World Final出場は、1回目が出場可能になる15歳の時に呼んでいただいて、1票だけでもとりたい!という挑戦者の気持ちで出場しワクワクしていましたね。1勝どころか勝ち進んで準決勝までいく事ができ、良い経験ができました。その次が2020年、18歳で優勝した時です。コロナ禍で世界の雰囲気が落ち込んでいるタイミングだったので、自分がエネルギーを与えることができたらいいなと、色々な想いを持っていた大会でした。去年はディフェンディングとして出場させていただいて、2連覇という結果は残せませんでしたが、自分が対戦したバトルが最も注目された一戦として挙げられました。

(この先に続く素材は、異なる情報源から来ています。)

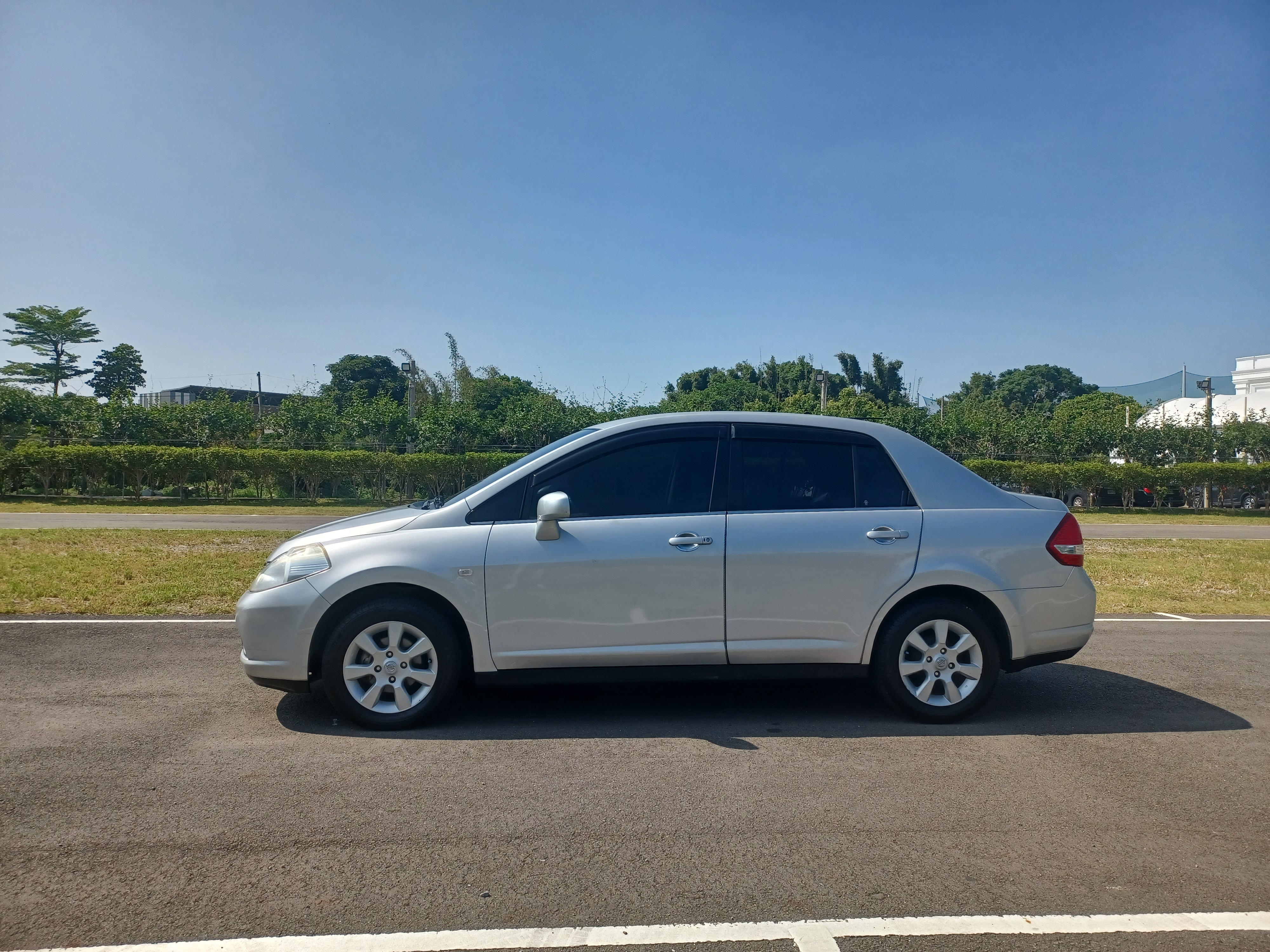 2009 Nissan Tiida 1.8L  第2張相片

あの特別なステージでは、自分のいつもと違う一面を出せるなという印象があります。

アライブやオリンピックの先の大きな目標などはありますか?

自分が現役の間はわからないかもしれませんが、あの人がいたから日本のブレイキンがある、世界のブレイキンが動いた、と言われるような歴史的なダンサーの一人になれたら嬉しいなと思っています。現役のうちはやれるところまで全力でやりきって、将来のブレイクシーンダンスシーンにどれだけ繋がっていくかを目標にしながらやっていますね。

最後にファイナルへの意気込みをお願いします

もし優勝できたら自分を普段サポートしてくれている人たちに賞金を全部使おうと思っています。普段受けているサポートに比べれば返せるレベルではないのですが、何もない時に突然恩返しするのは照れくさいですし、賞金を使って色々な形でお世話になっている人に恩返しできたらと思っています。久しぶりのアライブの舞台ですごくワクワクしています。しっかりやってきた自分を見てもらって、いい結果を残したいと思います。頑張ります。

マイナビDANCE ALIVE HERO’S 2022 FINALは2022年4月17日(日)!

ダンスバトルの他にも、豪華なゲストダンサー、ダンススタジオ/高校ダンス部/ダンス専門学校/大学生・社会人ダンスサークルによるショーケース、さらには高校ダンス部の頂点を決めるダンスコンテストなども同時開催。世界最大規模のダンスフェス「マイナビDANCE ALIVE HERO’S 2022 FINAL」、今後も続々と更新される出演者情報をチェック!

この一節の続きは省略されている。